伽达默尔继承了海德格尔的“理解和解释是存在的基本方式”的存在论观点,并进一步指出“理解是属于被理解之物的理解”,他给予解释者的“前见”(或称“偏见”)以合理的地位,认为传统和“前见”是理解的必要前提。被理解之物与理解者各有一定的视域,理解的过程应该是被理解之物与理解者的两种视域都敞开并最终融合,生成第三种视域空间的过程。

用伽达默尔的哲学解释学对语文课堂教学评论进行透视,可以做出如下的理解:教学理解存在于语文教师每一个教育现场的当下,语文教师一定是带着自己的教学理解、课程理解从事自己日常的教学实践与教学观察的。尽管这种存在论方式的“理解”并不为每一位教师清醒或自觉地认知。每一位语文教师对课堂教学(可以认为是特殊的作品或者文本)的理解与解释都有自己认知的“前见”,这就是他本身已有的学科知识、教育教学观念甚至情感态度等,这也是他的“视域”。评课的过程就是一个理解与解释的过程,在这个过程中,评课者无需力图剔除自己的“前见”,也无法剔除自己的“前见”,实现对课堂教学与执教者完全“正确”的理解。理想的评课过程应该是评课者与课堂作品(以及课堂作品背后的执教者)双方视域都敞开、真诚对话的过程。这种理解与解释的过程的结果或者目标是达到视域的融合,生成第三视域空间。

两种视域都打开,最终实现评课者与执教者的视域融合,生成第三视域空间。这确实是我写作课堂评论的理想——尽管,在十年前,我开始观课评课的时候,并没有自觉地以伽达默尔的理论为指导。

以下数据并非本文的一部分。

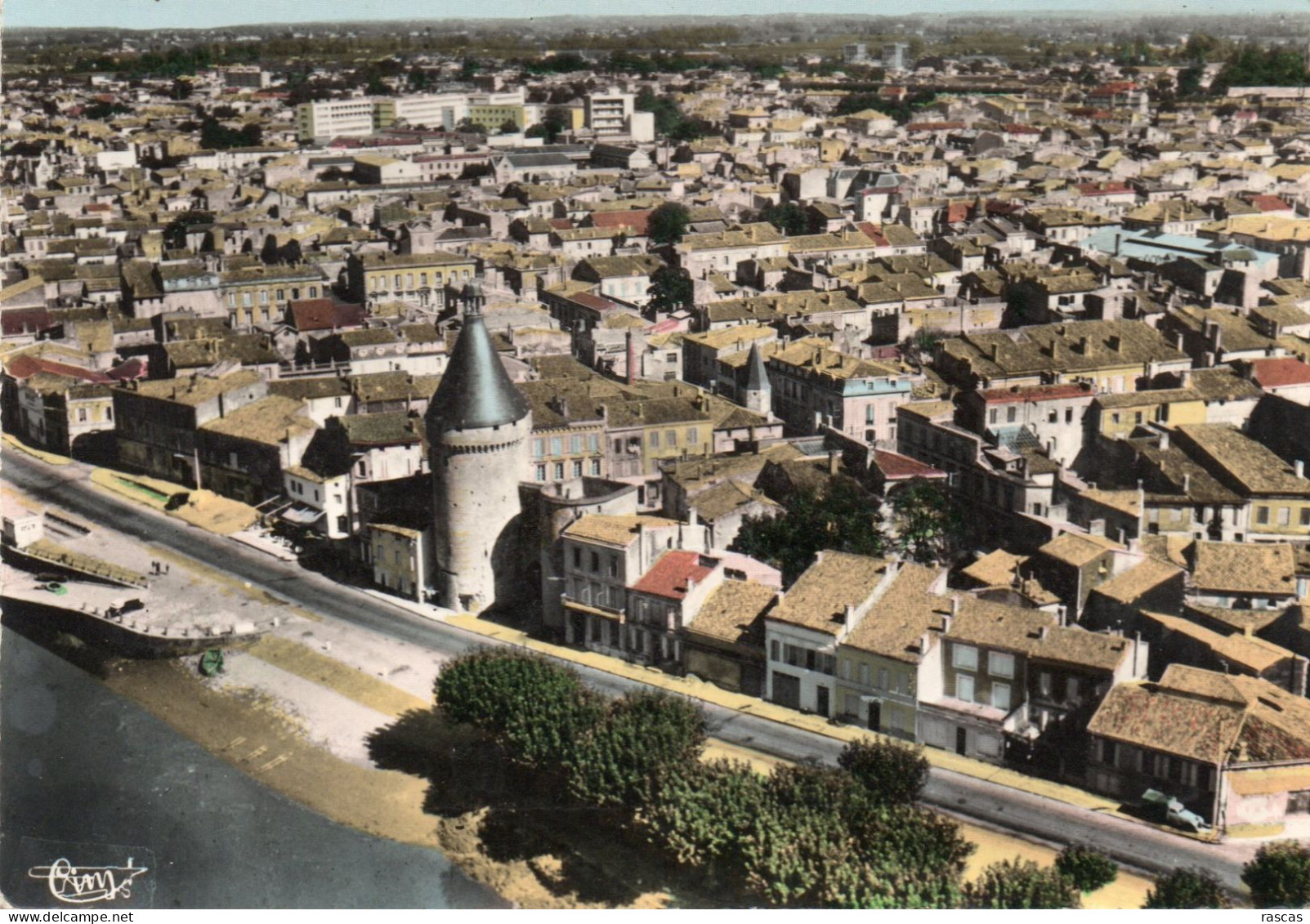 CPM - P - GIRONDE - LIBOURNE - VUE GENERALE - AU PREMIER PLAN LA DORDOGNE - Libourne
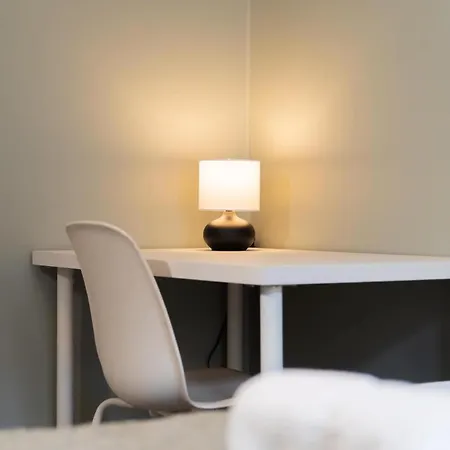 Large 2br - Scandinavian Design - Balcony *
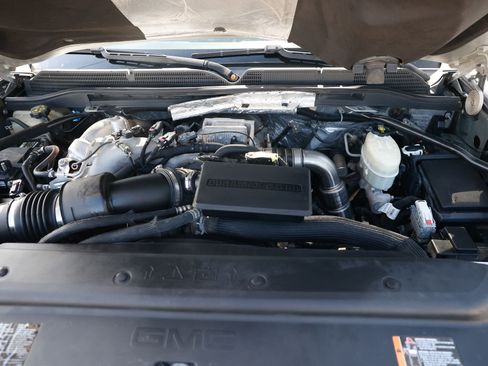 Used 2018 GMC Sierra 2500 Denali w/ Duramax Plus Package image 23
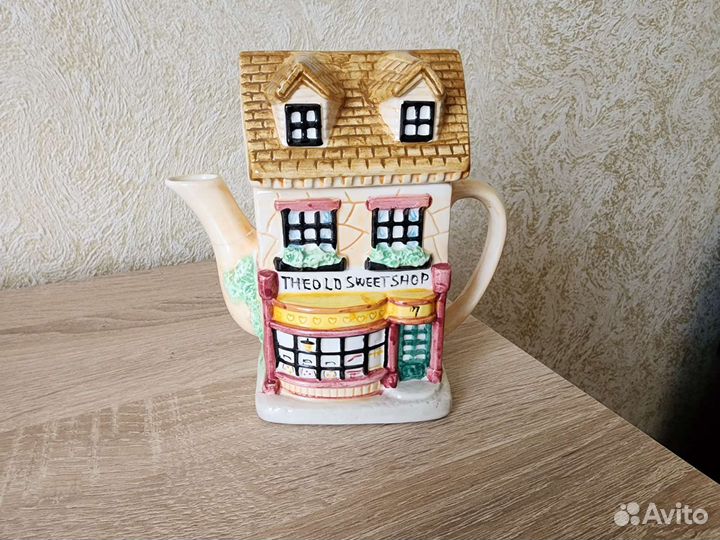 Винтажный английский кофейник 3D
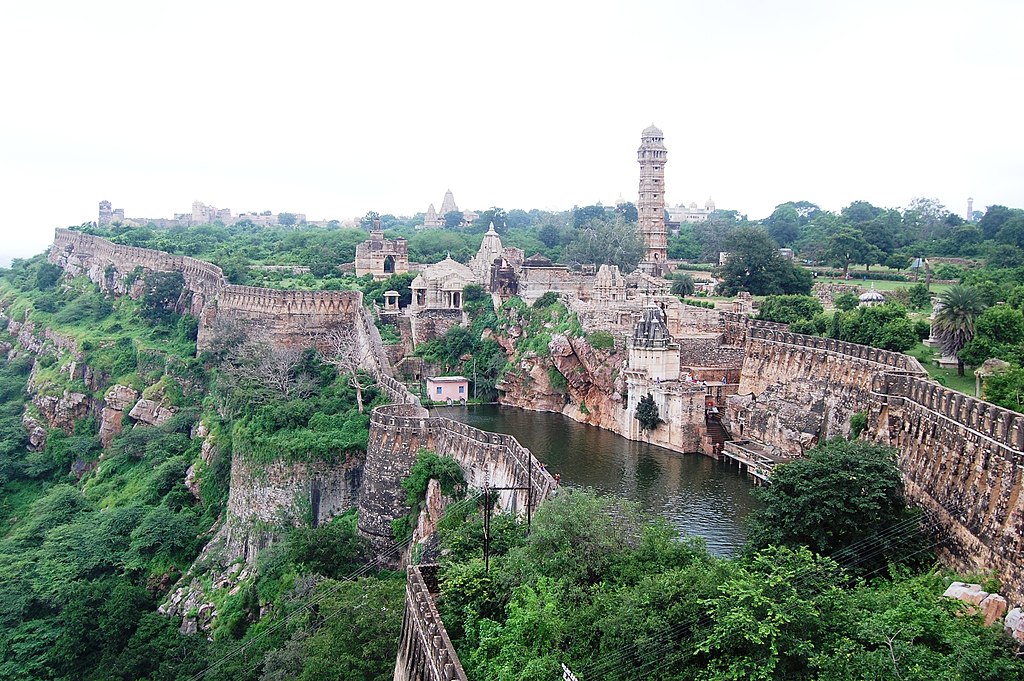 Ssjoshi111, CC BY-SA 3.0 <https://creativecommons.org/licenses/by-sa/3.0>, via Wikimedia Commons-Day Trips from Udaipur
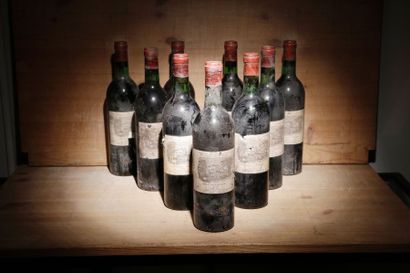 null 9 B, CHÂTEAU LAFITE ROTHSCHILD (2 T.L.B; e.t.h. à e.a; 1 e.t.a.), GCC1 Pauillac,...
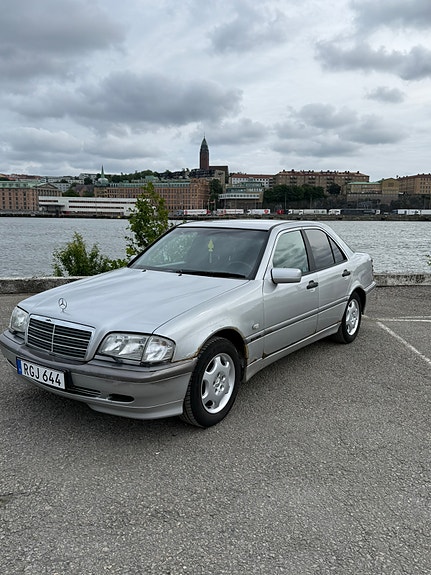 Mercedes-Benz C180 3 of 5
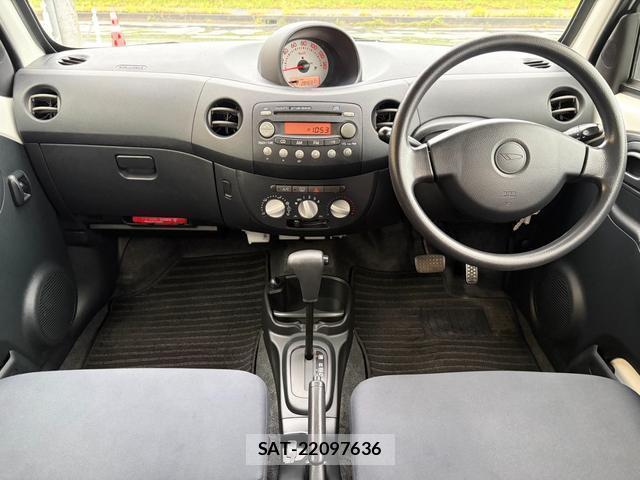 Daihatsu ESSE 2009-08 8872869-2
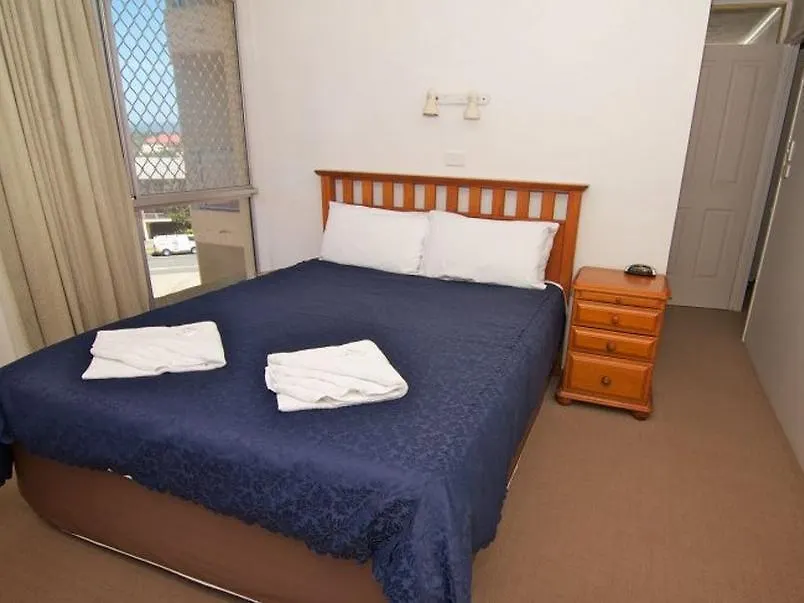 Aparthotel Foreshore Beachfront Apartments Gold Coast
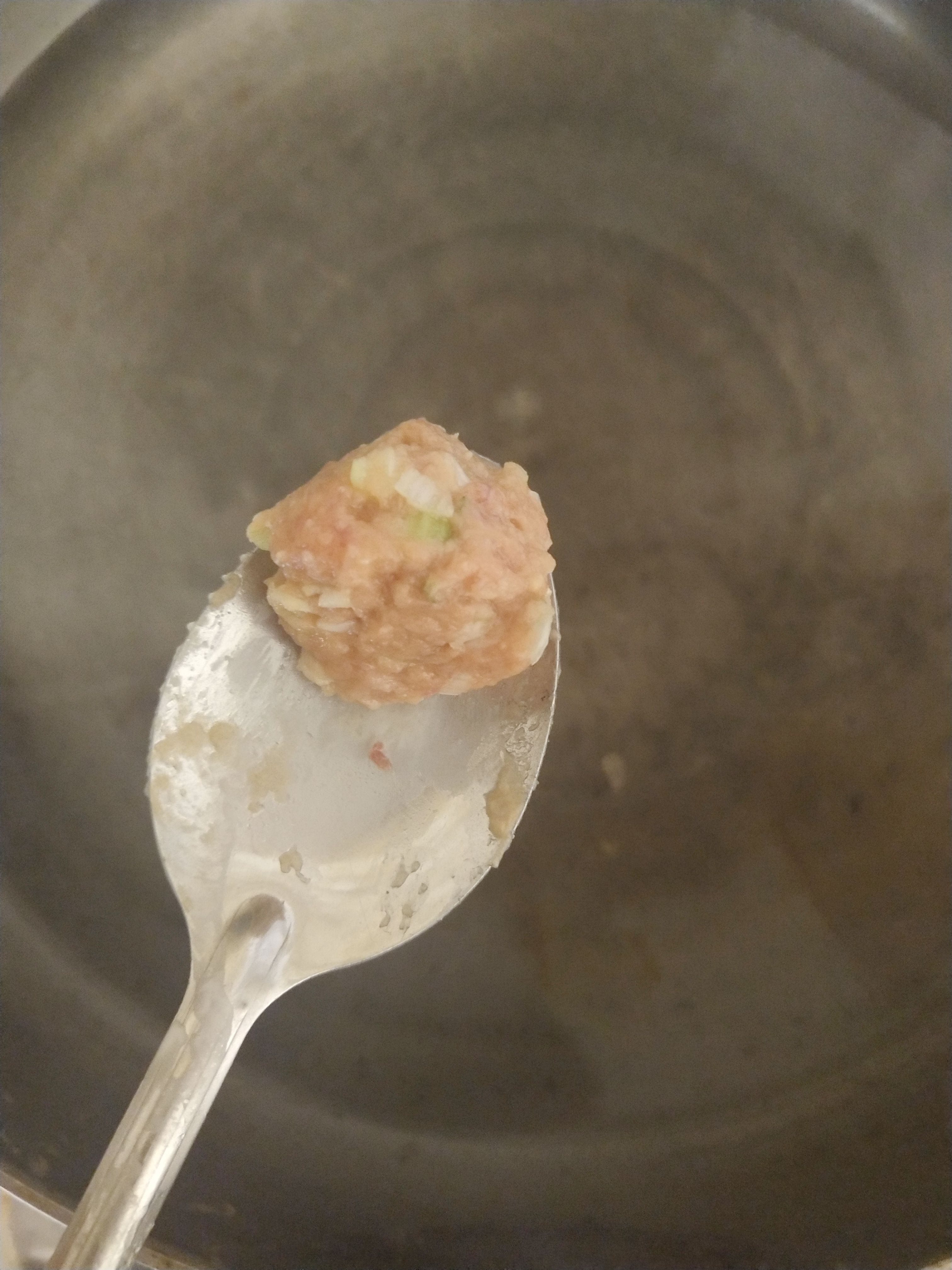 馄饨馅做汤,用馄饨料包做美食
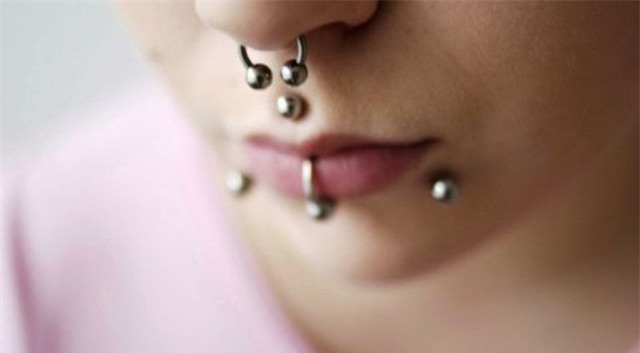 Các vật dụng khác tiếp xúc với máu và có thể làm lây lan siêu vi HBV là dao cạo râu, bông tai...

观课评课时,一方面,我希望自己以“虚静”之心观察课堂,审视文本,揣摩执教者的用意,尽可能地与执教者交流,以便更好地理解课堂现场。我虽不直接从事小学语文教学的工作,但我长期关注小学语文教学的实践与研究,而且我大多数的朋友都是小学语文教师,在心理上,我认同自己是这其中的一员。这使我对执教者常常怀着“同情的理解”与“理解的同情”,在课堂教学的现场,我很少使用“你应该怎么教”的思路,而是更愿意思考“你为什么这样教”。

另一方面,我坚持独立地对文本做出解读,做出教学价值的判断,然后带着自己的理解与执教者对话、沟通。

我的课评写作有一个习惯,就是在完成课例的细致品读之后,会以批注的形式,把我对本课教学的不同意见一一列清,与执教的老师交流。这些意见有时会被执教者接受,也有时候,执教者会进一步向我说明他的教学设计意图,我们再进行深入的讨论。记得2011年,王崧舟老师推出《望月》一课,我在观课学习之后,感觉到将本课的写作特色解读为“望月只是月”“望月不是月”“望月还是月”对小学生而言太难理解,而且也未必准确。我对照课堂的文字实录一一写出自己的思考,并提出修改的建议。不久,王老师接纳了我的部分意见,对《望月》一课的教学内容重新作出调整,并以《语文教学内容的再确定》为题将修改后的教学设计以及我的二次评点重新发表出来,与老师们交流。

我也常常就研读课例中有争议的汉语或文学方面的专业知识请教相关的专家,然后,与执教的老师一起带着这些知识再回到课堂的情境里一起推敲:在小学语文教学的阶段,这个知识点我们为小学生讲到什么深度合适?如何讲才能更有利于学生们接受?2009年,林莘老师执教《鲸》一课,我隐约感觉到她对文中个别句子说明方法的讲解不是很准确(当时涉及的说明方法是“摹状”)。我便写信专门请教研究现代汉语的语文教学前辈聂在富老师,并请聂老师就此问题写出简短的文字,与林莘老师《鲸》的课例一起发表出来,供读者参考。还有,罗才军老师执教《蝙蝠与雷达》一课中“蝙蝠”二字的写字指导、盛新凤老师诗歌教学中的“情与景”问题、薛法根老师执教《二泉映月》一课中音乐的问题等,我都曾在课评写作前与他们深入探讨交流过。遗憾的是,这些探讨的过程并没有办法完全在我的写作中体现出来,读者看到的往往是谈论后达成一致的“结果”。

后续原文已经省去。